In volume I, The Doctrine of the Word of God (1932, 1938), Barth argues that theology is properly understood as the church’s critical examination of its speech about God in the light of God’s own revelation in the Word of God. This Word is God himself, revealing himself as the triune God, preeminently in the Incarnation of the Word in Jesus Christ, the Son, and in the outpouring of the Holy Spirit (I/1, chapters 1–2). (We will consider Barth’s teaching in these opening pages of the Church Dogmatics in somewhat more detail in chapter 17.) This personal self-revelation is communicated to us in Scripture, which as the witness to God’s revelation becomes the written Word of God. In turn, the church communicates its understanding of God’s revelation witnessed in Scripture to the world, and as it does so the church is preaching the Word of God (I/2, chapters 3–4). (We will have more to say about Barth’s view of Scripture in chapter 18.)

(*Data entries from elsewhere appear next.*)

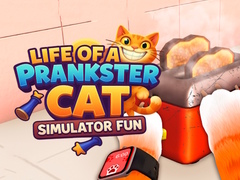 Spill Prankster Cat Simulator Fun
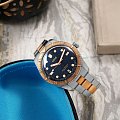 Часы Oris Divers Sixty‑Five 01 733 7707 4355-07 8 20 17 фото 3
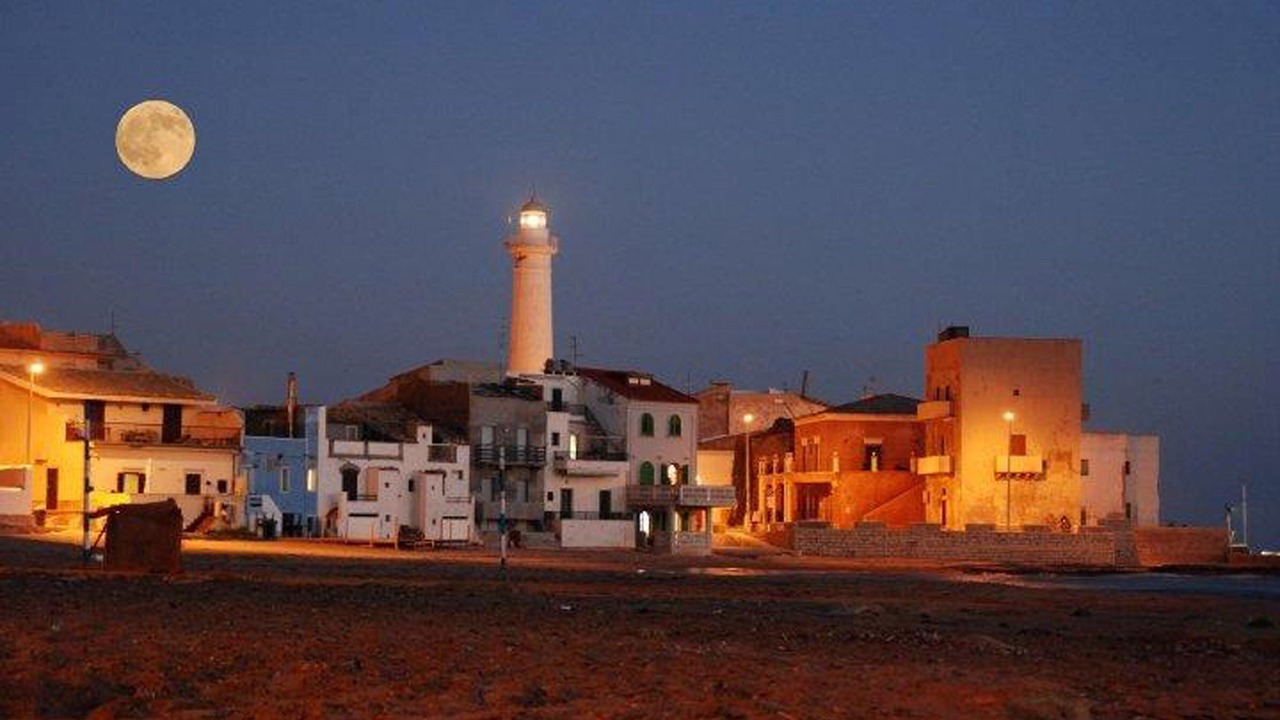 Photo of Outdoor in Punta Secca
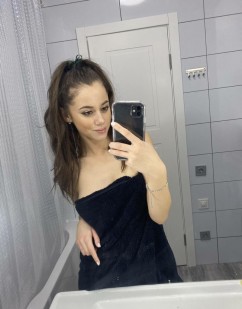 Фото проститутки Катя №1 в городе Пермь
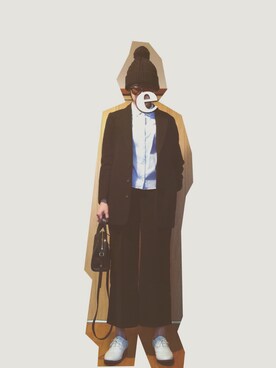 cooさんのコーディネート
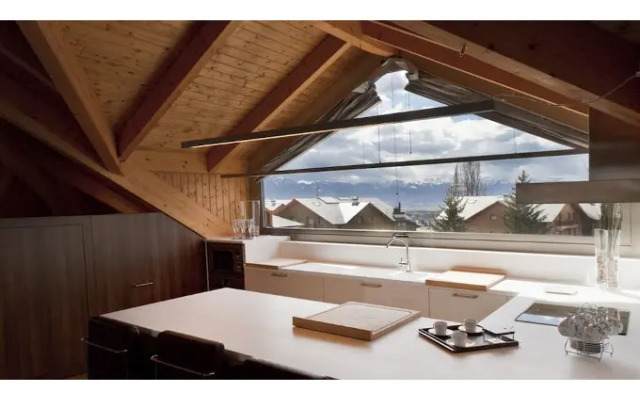 Apartamentos la Torreta del Llac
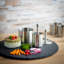 Küchenprofi 6 Piece Prep/Plating/Forming Set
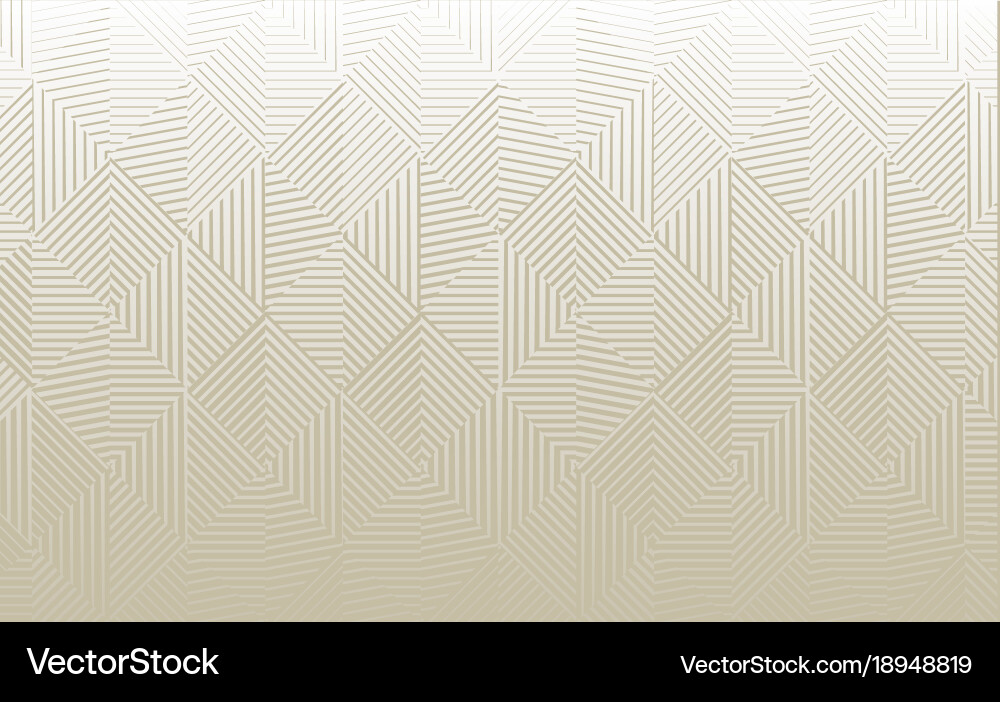 Abstract background with fading effect Vector Image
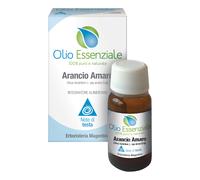 Erboristeria Magentina ARANCIO AMARO OLIO ESSENZIALE 10 ML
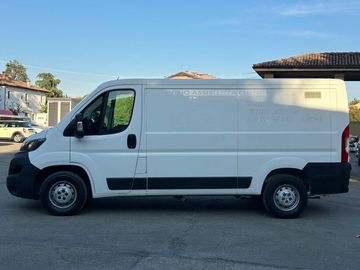 Peugeot Boxer - 3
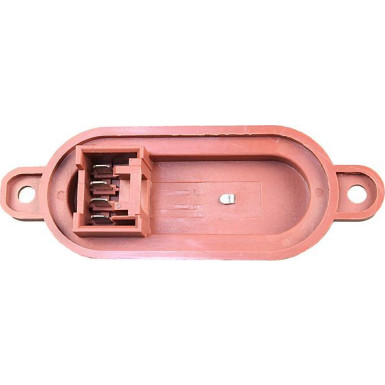 Metzger Widerstand, Innenraumgebläse 0917260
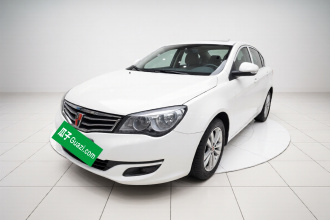 荣威350 2015款 1.5L 自动豪华天窗版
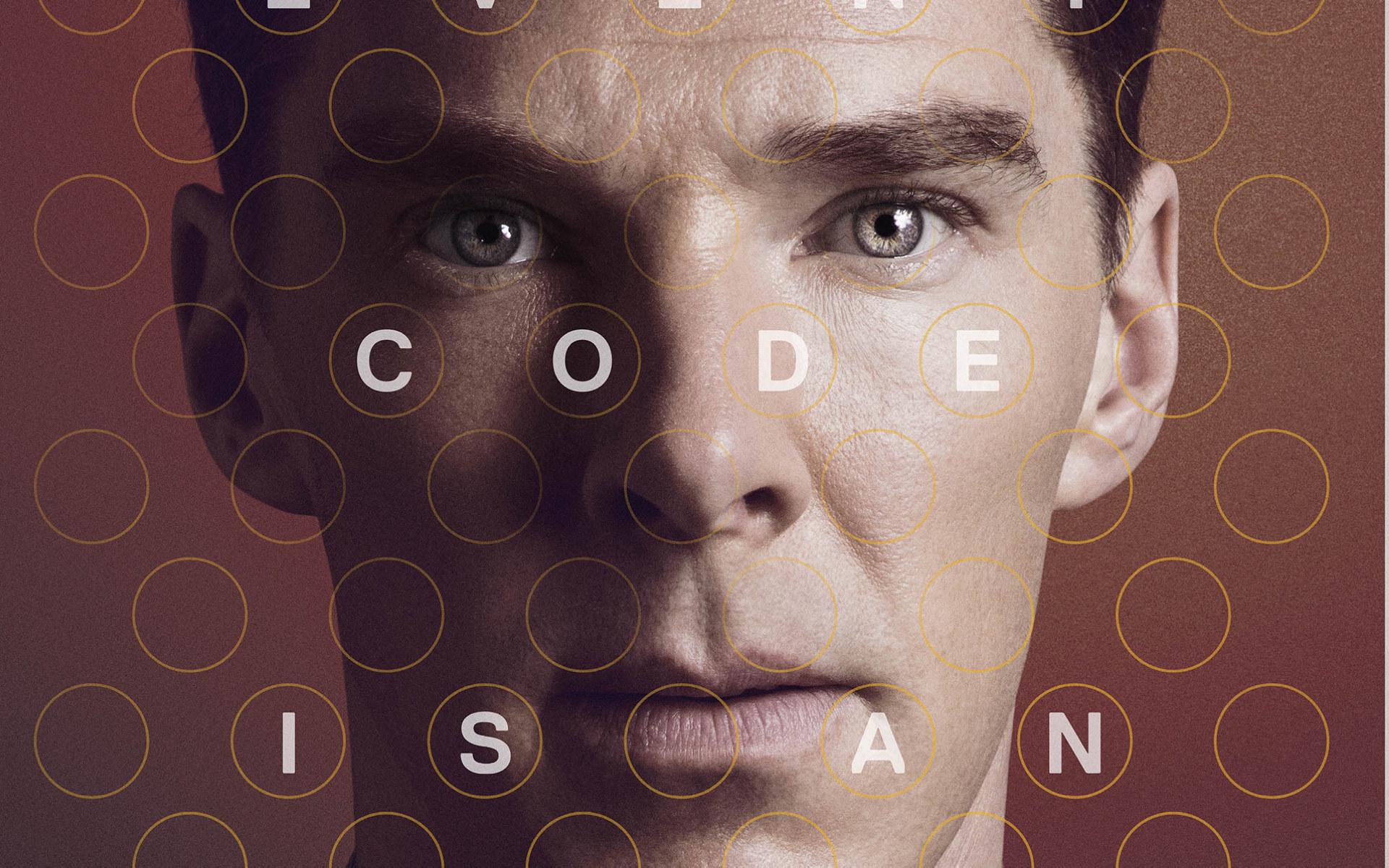 如何评价电影模仿游戏theimitationgame2014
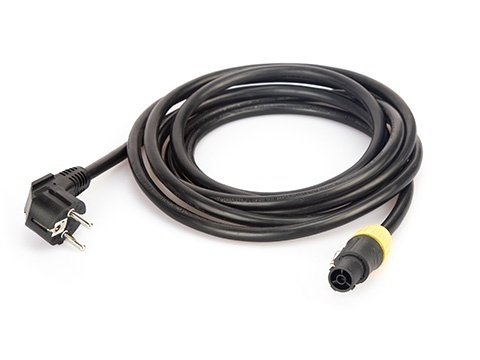 SWIT FL-C400D 400W Bi-Color Studio LED Fresnel Spot 7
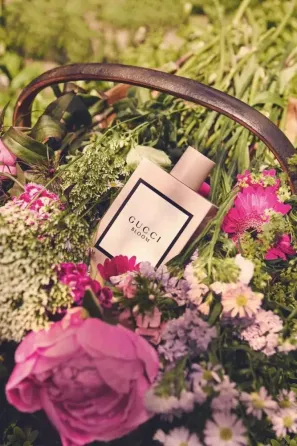 Женская парфюмированная вода Gucci Bloom 100 мл с магнитной лентой Коломыя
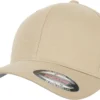 Flexfit By Yupoong Flexfit Brushed Twill 6377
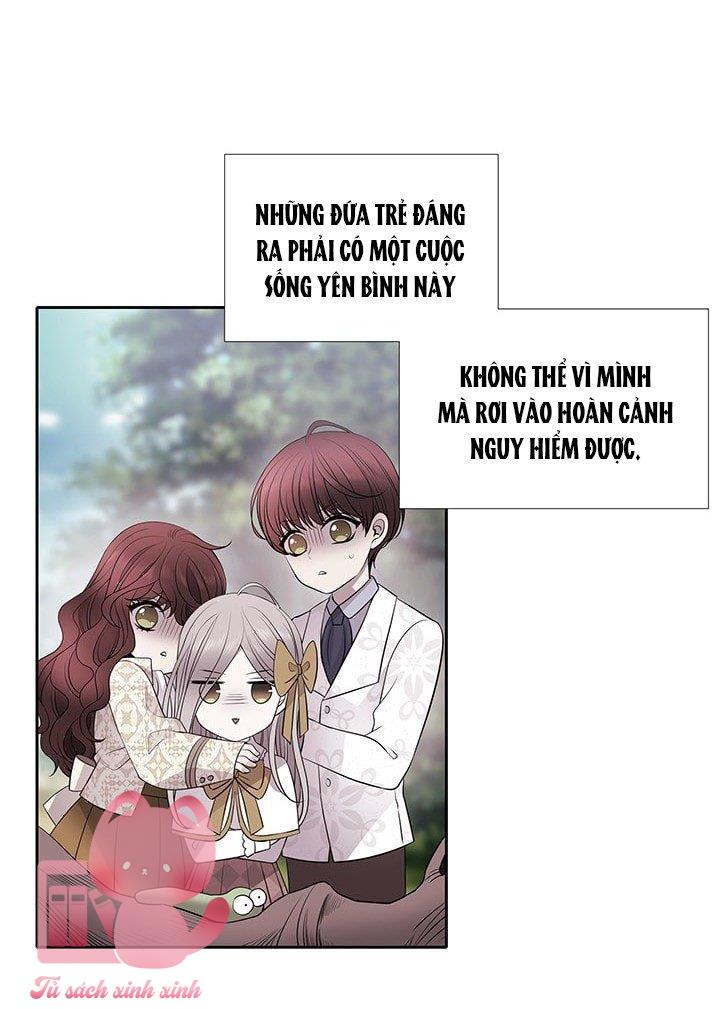 Charlotte Và Ngũ Đại Đồ Đệ - Chap 13 - Trang 28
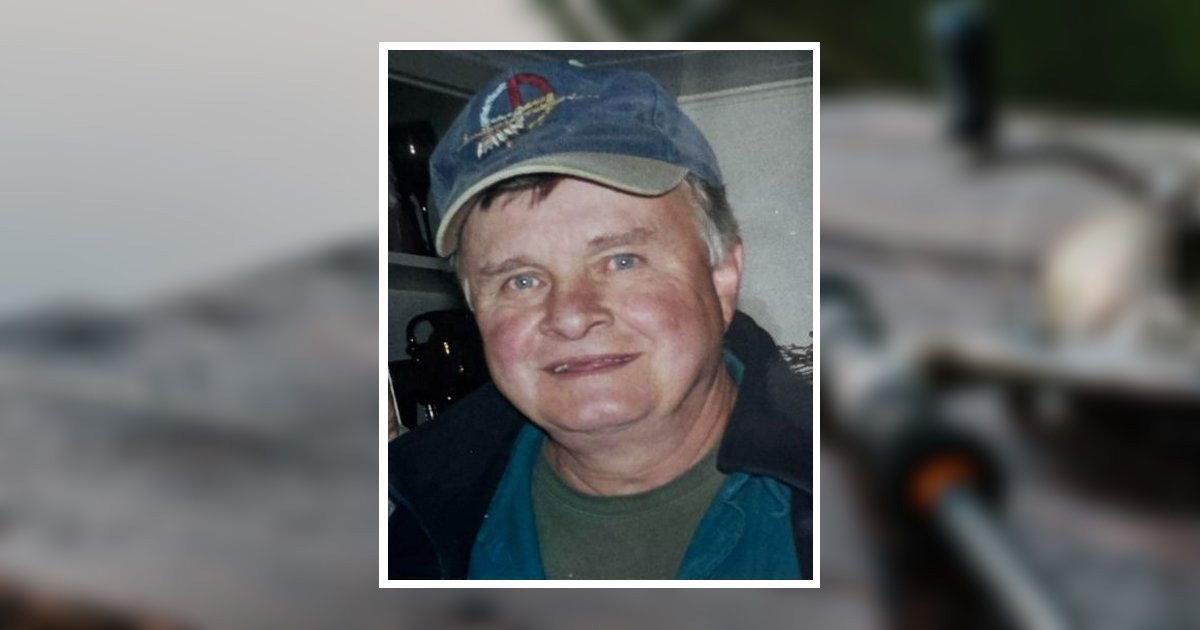 Gary F. Cooney Obituary, Berlin, NH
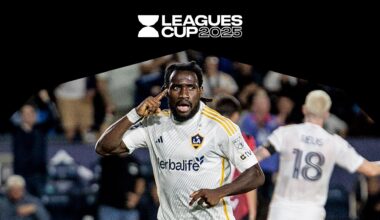 LA Galaxy put Leagues Cup on notice with Club Tijuana rout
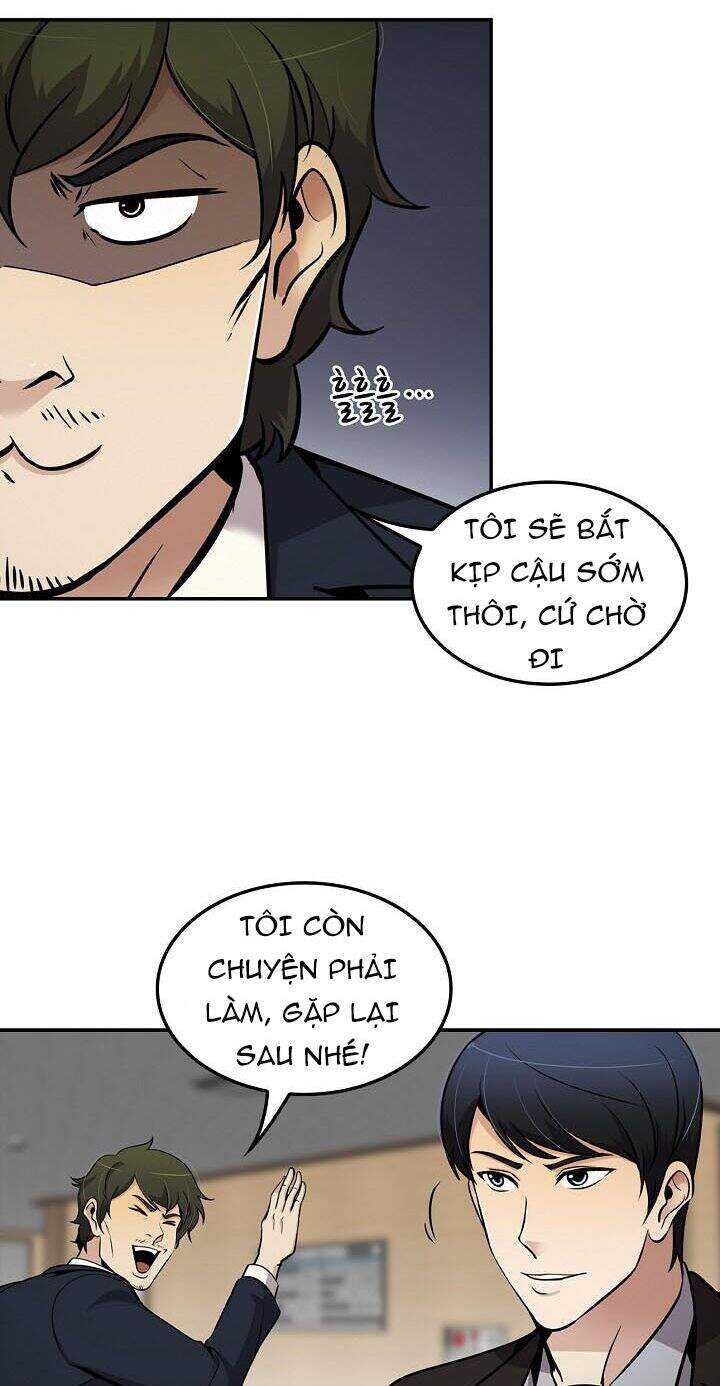 Điều Tra Viên Chuyển Sinh Chapter 62 - 20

Volume II, The Doctrine of God (1940, 1942), is a volume of obvious relevance to apologetics. Barth begins by arguing that the true God is the one who is known to us exclusively at his initiative, by his revealing of himself to us in the Word of God. This means that natural theology is an utterly futile and irrelevant path to the knowledge of God. The God known to us by revelation is the absolutely perfect, personal God who freely loves us (II/1, chapters 5–6). Furthermore, this God has chosen to make himself known graciously and redemptively to mankind in Jesus Christ, who is ultimately God’s chosen one. God’s command to us is a call to union with and conformity to the character of Jesus Christ, so that Christian ethics must be grounded in the Christian gospel and doctrine of God (II/2, chapters 7–8).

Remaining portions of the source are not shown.